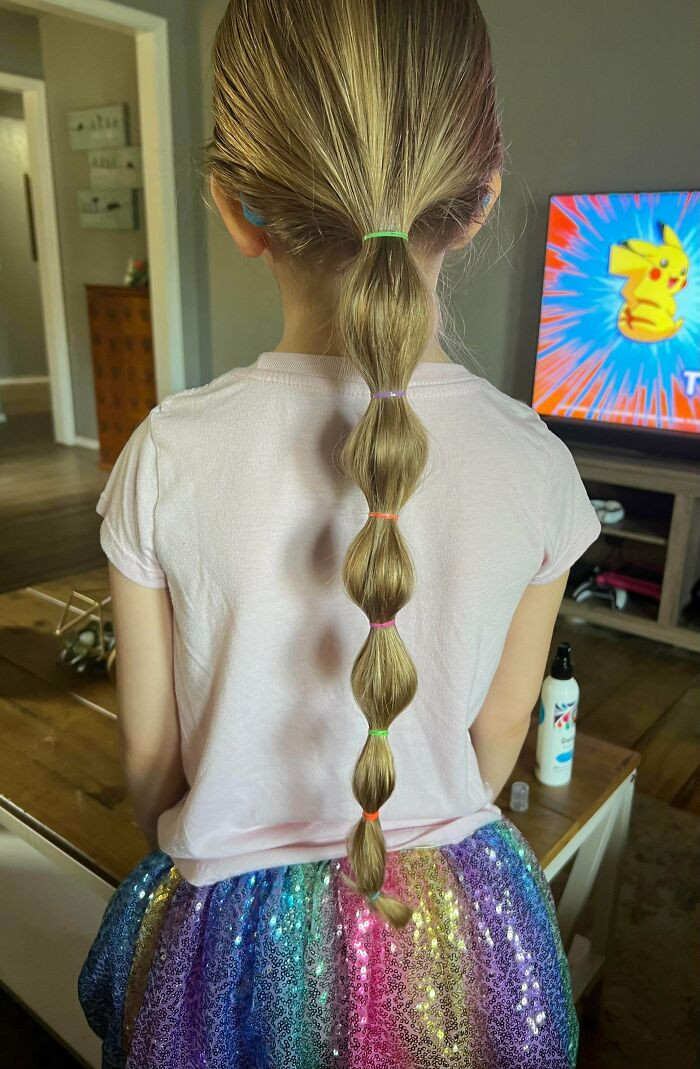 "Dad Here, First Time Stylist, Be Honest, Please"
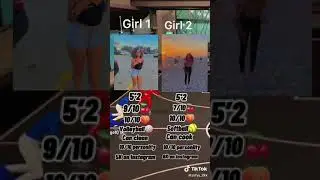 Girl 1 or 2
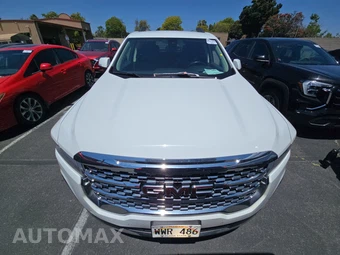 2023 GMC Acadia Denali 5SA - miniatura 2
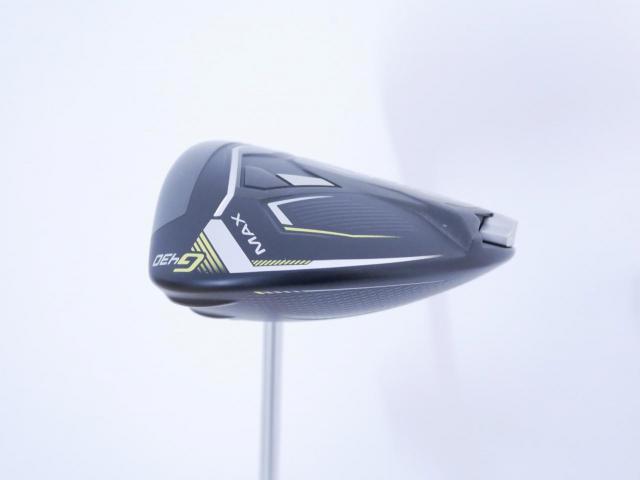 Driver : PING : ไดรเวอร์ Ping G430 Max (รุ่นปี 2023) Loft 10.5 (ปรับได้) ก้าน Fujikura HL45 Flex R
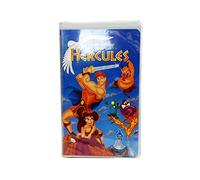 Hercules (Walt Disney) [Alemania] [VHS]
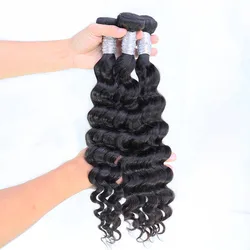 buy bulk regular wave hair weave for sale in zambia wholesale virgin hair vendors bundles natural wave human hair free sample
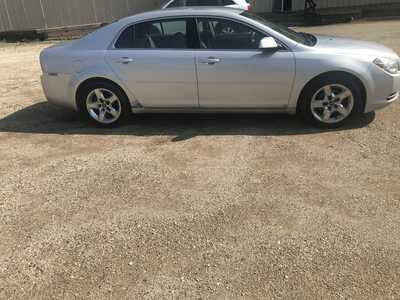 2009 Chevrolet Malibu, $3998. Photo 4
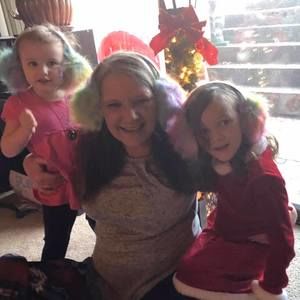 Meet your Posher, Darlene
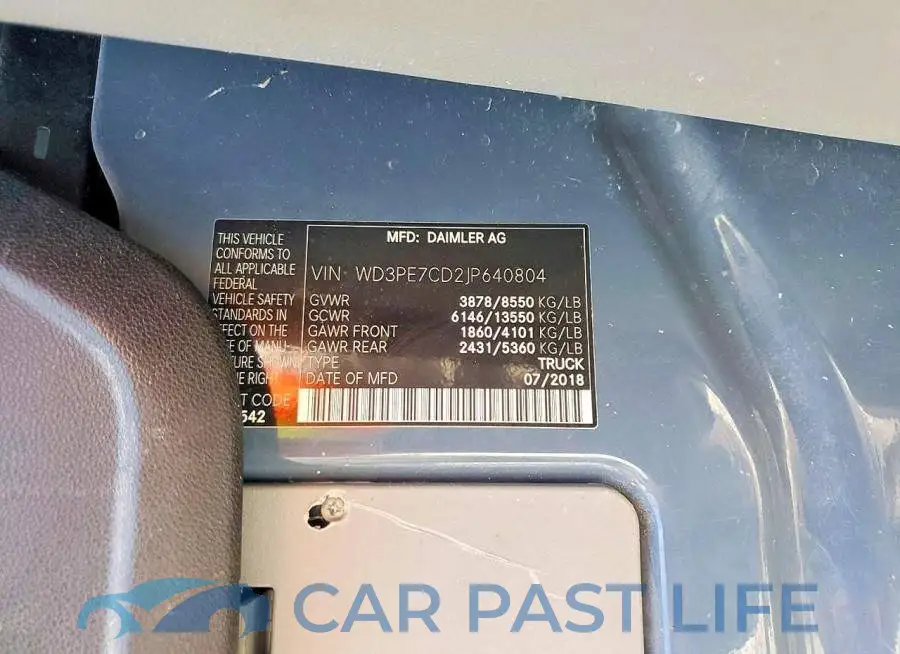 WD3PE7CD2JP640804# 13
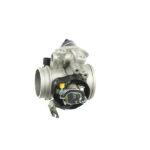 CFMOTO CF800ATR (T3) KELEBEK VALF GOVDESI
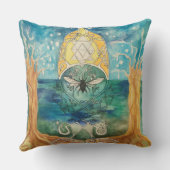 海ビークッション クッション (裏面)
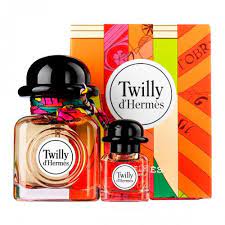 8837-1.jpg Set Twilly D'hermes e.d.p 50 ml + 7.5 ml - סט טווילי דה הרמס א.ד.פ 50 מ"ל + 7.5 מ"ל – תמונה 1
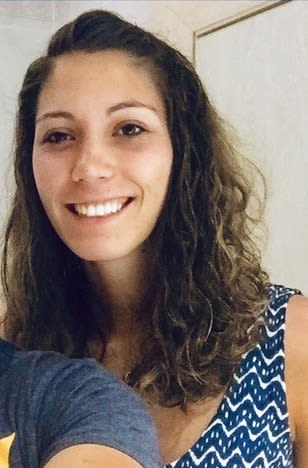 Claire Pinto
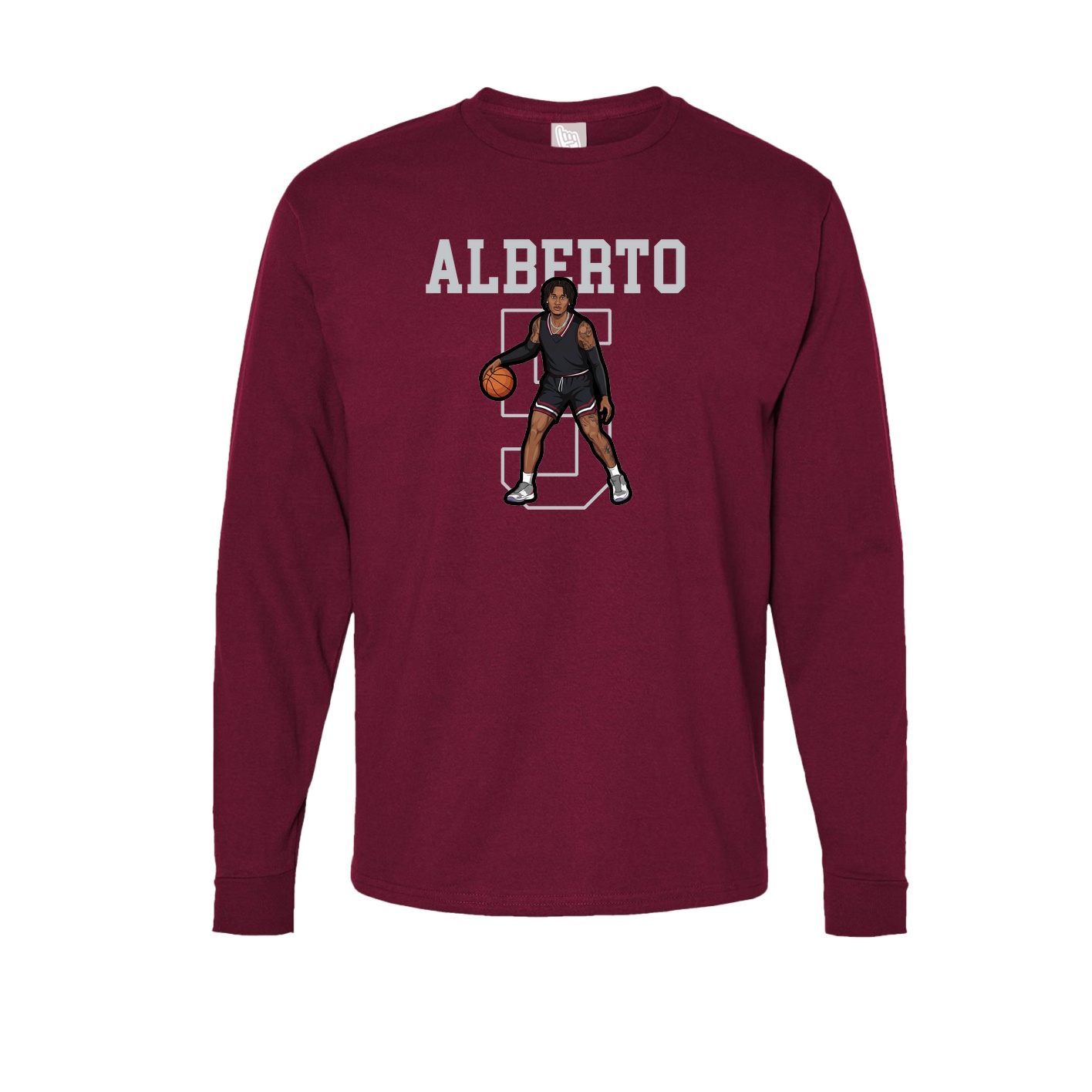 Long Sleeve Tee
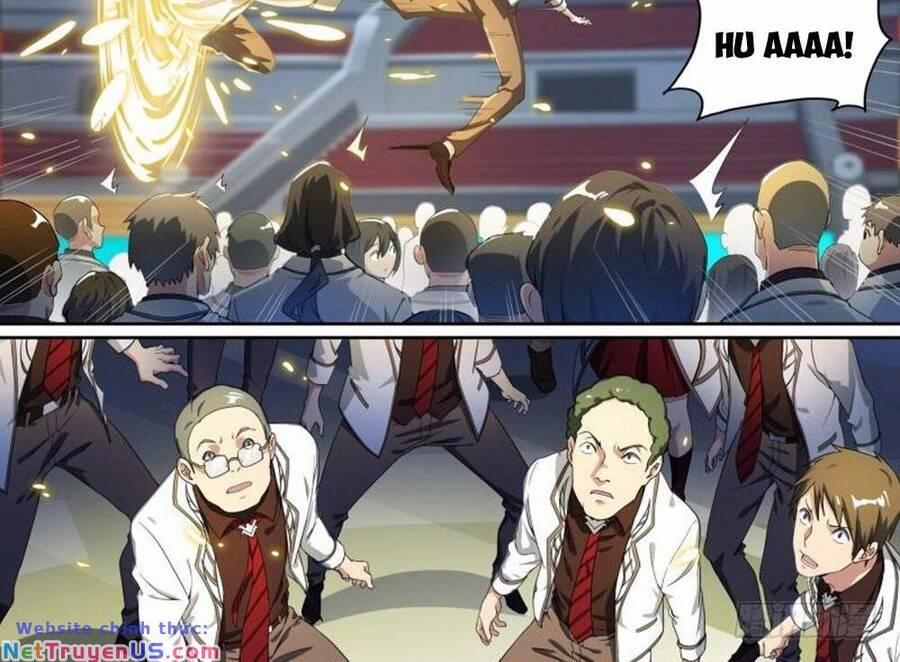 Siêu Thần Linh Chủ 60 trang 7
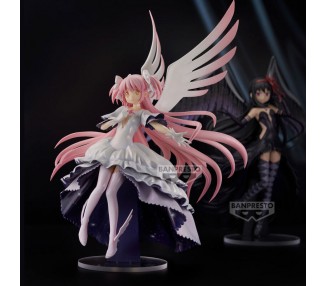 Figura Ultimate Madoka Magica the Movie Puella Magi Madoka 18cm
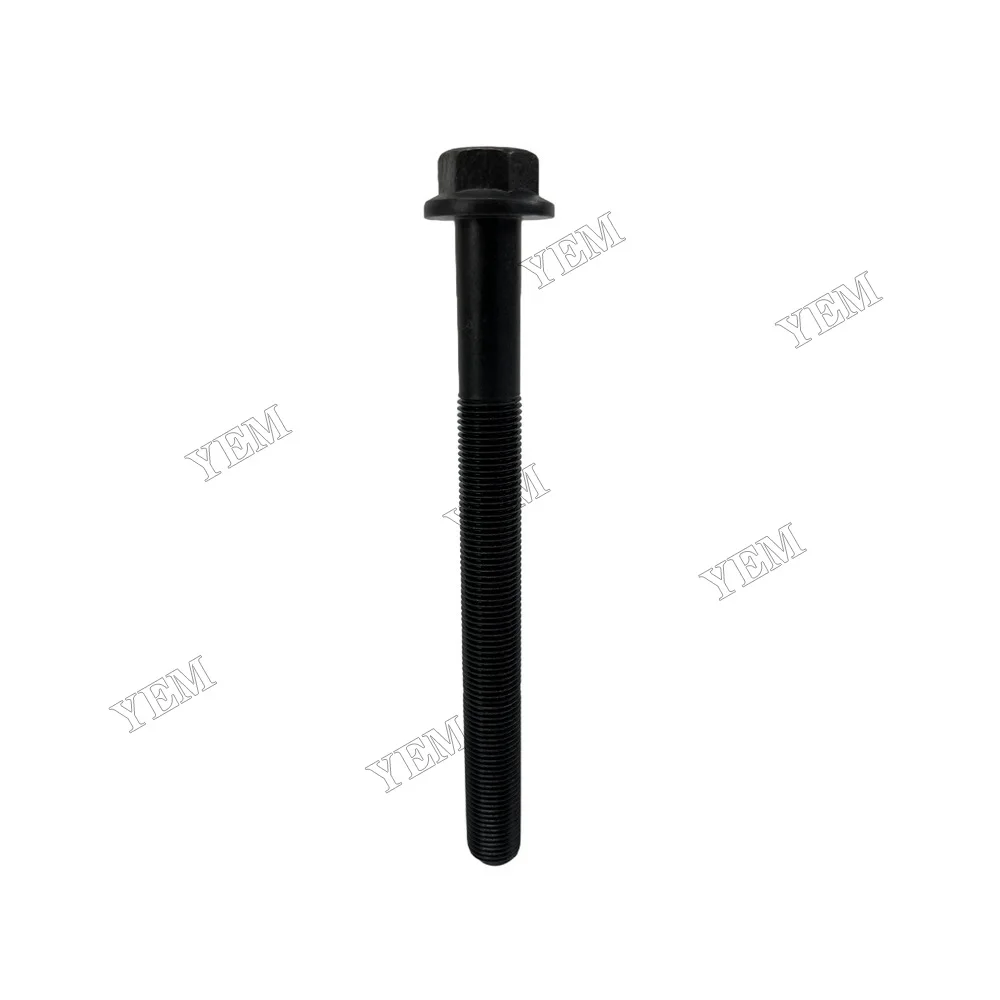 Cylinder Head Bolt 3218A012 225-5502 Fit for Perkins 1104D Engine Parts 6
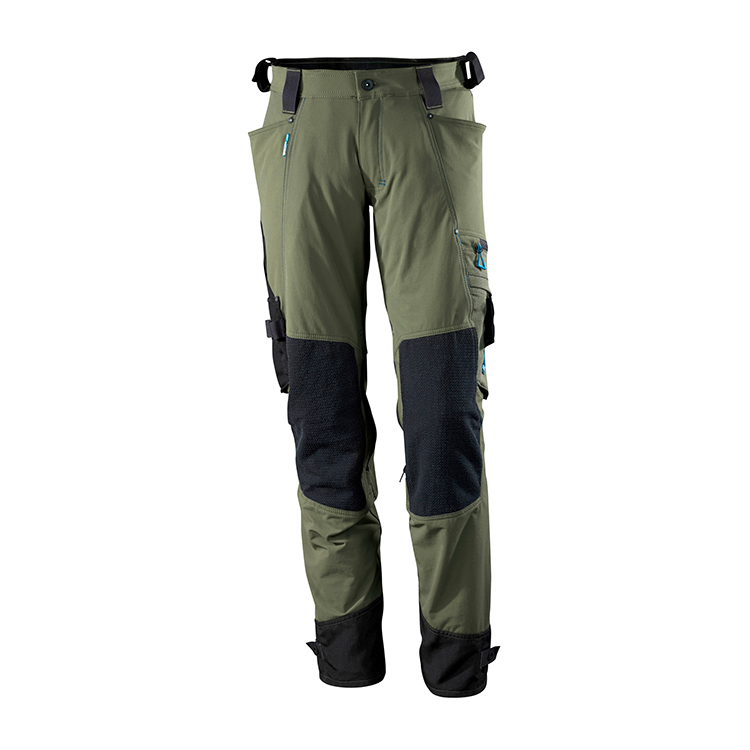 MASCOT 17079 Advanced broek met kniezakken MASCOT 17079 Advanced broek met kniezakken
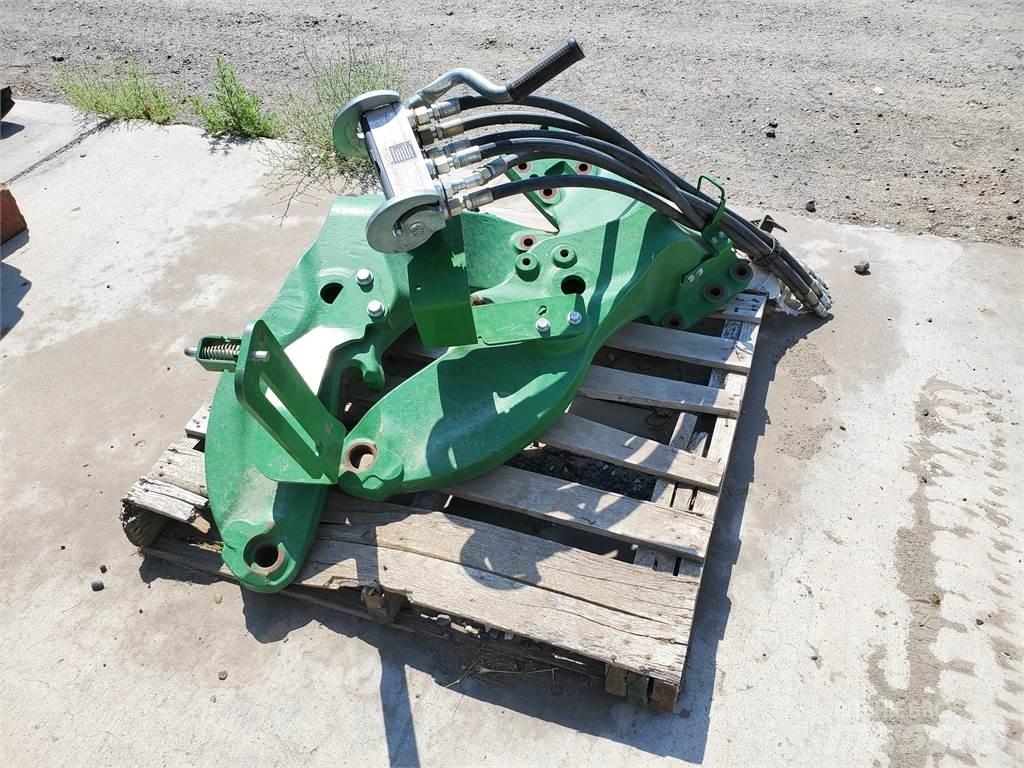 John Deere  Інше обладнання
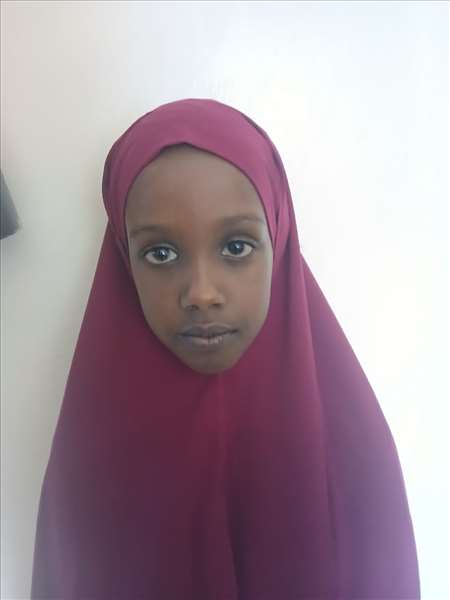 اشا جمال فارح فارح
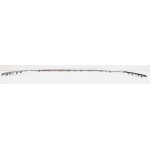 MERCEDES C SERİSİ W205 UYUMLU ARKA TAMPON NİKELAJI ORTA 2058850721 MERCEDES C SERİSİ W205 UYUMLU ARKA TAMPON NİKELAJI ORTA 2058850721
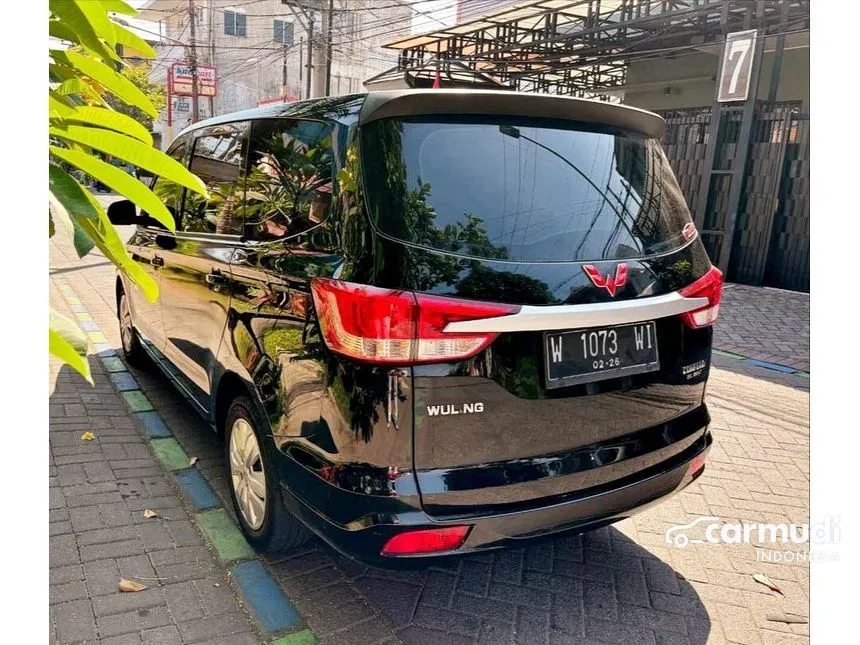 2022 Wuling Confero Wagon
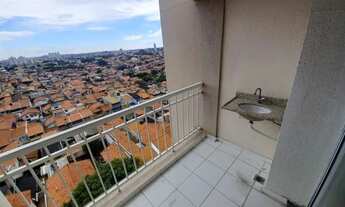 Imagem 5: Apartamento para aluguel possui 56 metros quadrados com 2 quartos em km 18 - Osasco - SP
+ + +
▶ **Work required**:
All of the records need to be reproduced exactly, with each picture omitted.

▶ **Result below**:
 "Dad Here, First Time Stylist, Be Honest, Please"
 Girl 1 or 2
 2023 GMC Acadia Denali 5SA - miniatura 2
 Driver : PING : ไดรเวอร์ Ping G430 Max (รุ่นปี 2023) Loft 10.5 (ปรับได้) ก้าน Fujikura HL45 Flex R
 Hercules (Walt Disney) [Alemania] [VHS]
 buy bulk regular wave hair weave for sale in zambia wholesale virgin hair vendors bundles natural wave human hair free sample
 2009 Chevrolet Malibu, $3998. Photo 4
 Meet your Posher, Darlene
 WD3PE7CD2JP640804# 13
 CFMOTO CF800ATR (T3) KELEBEK VALF GOVDESI
 海ビークッション クッション (裏面)
 8837-1.jpg Set Twilly D'hermes e.d.p 50 ml + 7.5 ml - סט טווילי דה הרמס א.ד.פ 50 מ"ל + 7.5 מ"ל – תמונה 1
 Claire Pinto
 Long Sleeve Tee
 Siêu Thần Linh Chủ 60 trang 7
 Figura Ultimate Madoka Magica the Movie Puella Magi Madoka 18cm
 Cylinder Head Bolt 3218A012 225-5502 Fit for Perkins 1104D Engine Parts 6
 MASCOT 17079 Advanced broek met kniezakken MASCOT 17079 Advanced broek met kniezakken
 John Deere  Інше обладнання
 اشا جمال فارح فارح
 MERCEDES C SERİSİ W205 UYUMLU ARKA TAMPON NİKELAJI ORTA 2058850721 MERCEDES C SERİSİ W205 UYUMLU ARKA TAMPON NİKELAJI ORTA 2058850721
 2022 Wuling Confero Wagon
 Imagem 5: Apartamento para aluguel possui 56 metros quadrados com 2 quartos em km 18 - Osasco - SP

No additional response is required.